# RECORDS SUPPLIED

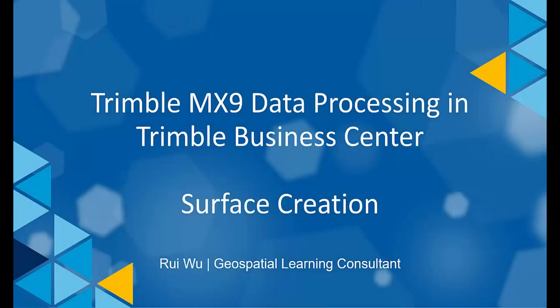Hello, welcome to watch this video about creating a surface with the MX9 dataset in TBC.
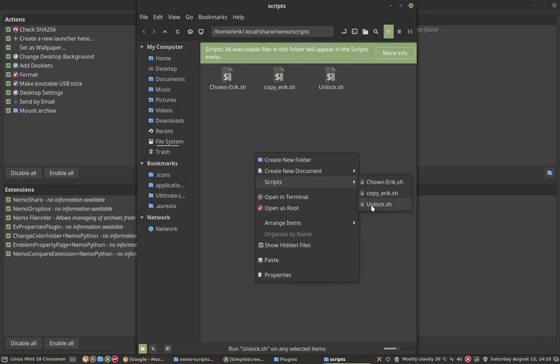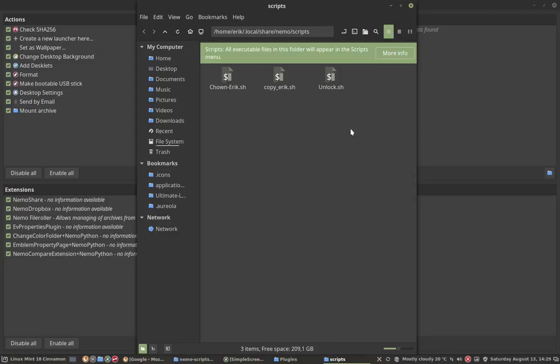Scripts. Those are the scripts you like, something you find on the internet. This is the way how to add it to your Nemo, which is our file explorer here.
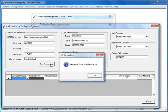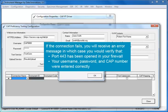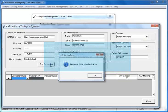If the connection fails, you will receive an error message, in which case you would verify that port 443 has been opened in your firewall and that your username, password, and CAP number were entered correctly.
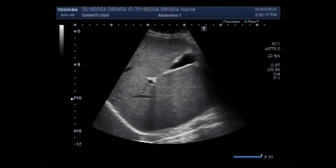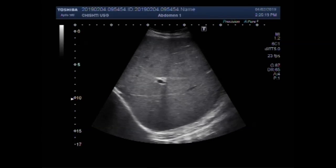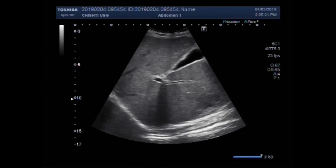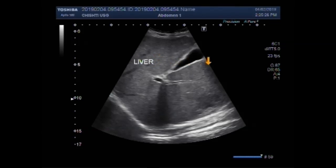Dear viewers, I hope you are all fine. This ultrasound video shows a patient having intestinal obstruction with intestinal perforation.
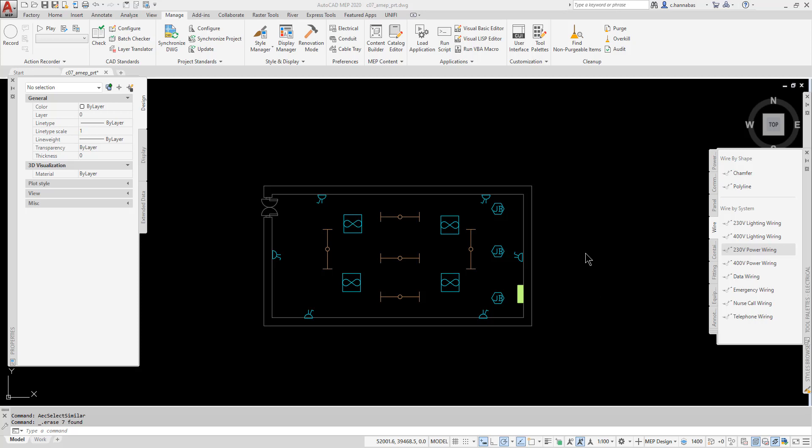Traditionally, we've drawn lines or arcs between devices to show their connections, but there's no intelligence attached to those wires. We had to go and pick the right layer and then what type of line we wanted to draw in order to create the wires between objects. In AutoCAD MEP, we actually have intelligent lines and arcs and other shapes that we can use to connect devices.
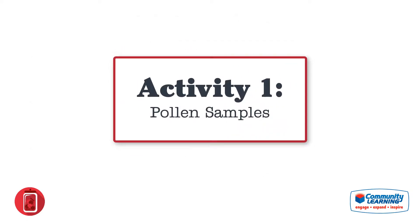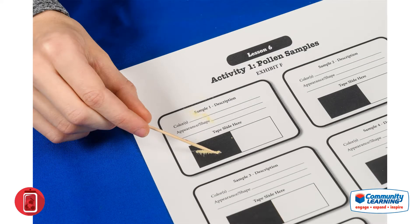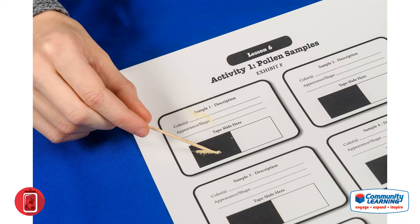Activity One: Pollen Samples. This lesson includes five different pollen samples. It is important not to mix the samples, as mixing will nullify your results. The students will use a toothpick to pick up a small sample of pollen and transfer the sample to the pollen sample sheet. They need to place some pollen on both the black and white areas.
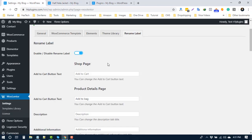If there's any label you want to change that's not available in our plugin, feel free to create a feature request on our website, HasThemes.com.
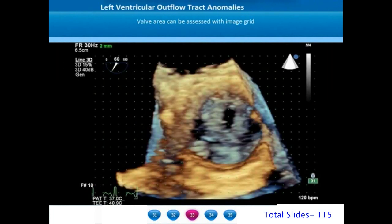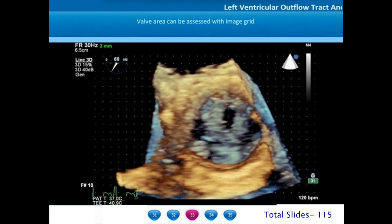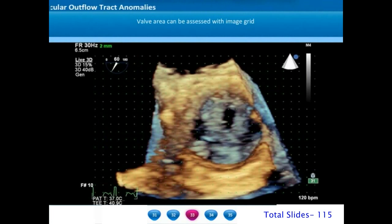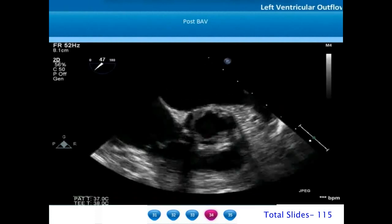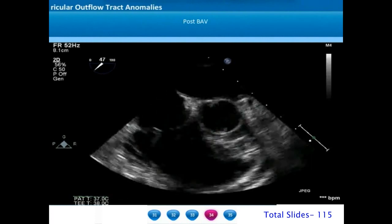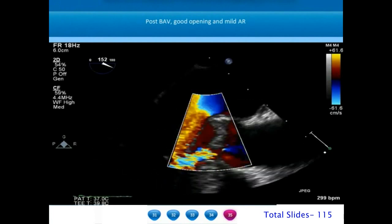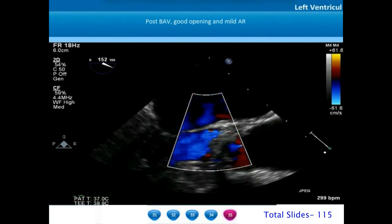The aortic valve area can be planimetered on three-dimensional echocardiogram. We cannot trace the free edges of the aortic valve orifice directly; instead we use an image grid where each grid is two millimeters apart. In this particular example the valve area is close to two and a half squares, equivalent to 0.5 square centimeters. Post aortic valve valvotomy there is a good split of the commissure resulting in a much wider valve area. On long axis with color flow Doppler there is mild aortic regurgitation as a result of the procedure but a good valve opening.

# TASK PROMPT
Only the lines from the top of the material through the line containing "Dear viewers, I" should be written out, exactly and without pictures.

# RESPONSE BELOW
Hello, welcome to watch this video about creating a surface with the MX9 dataset in TBC.
Scripts. Those are the scripts you like, something you find on the internet. This is the way how to add it to your Nemo, which is our file explorer here.
If the connection fails, you will receive an error message, in which case you would verify that port 443 has been opened in your firewall and that your username, password, and CAP number were entered correctly.
Dear viewers, I hope you are all fine. This ultrasound video shows a patient having intestinal obstruction with intestinal perforation.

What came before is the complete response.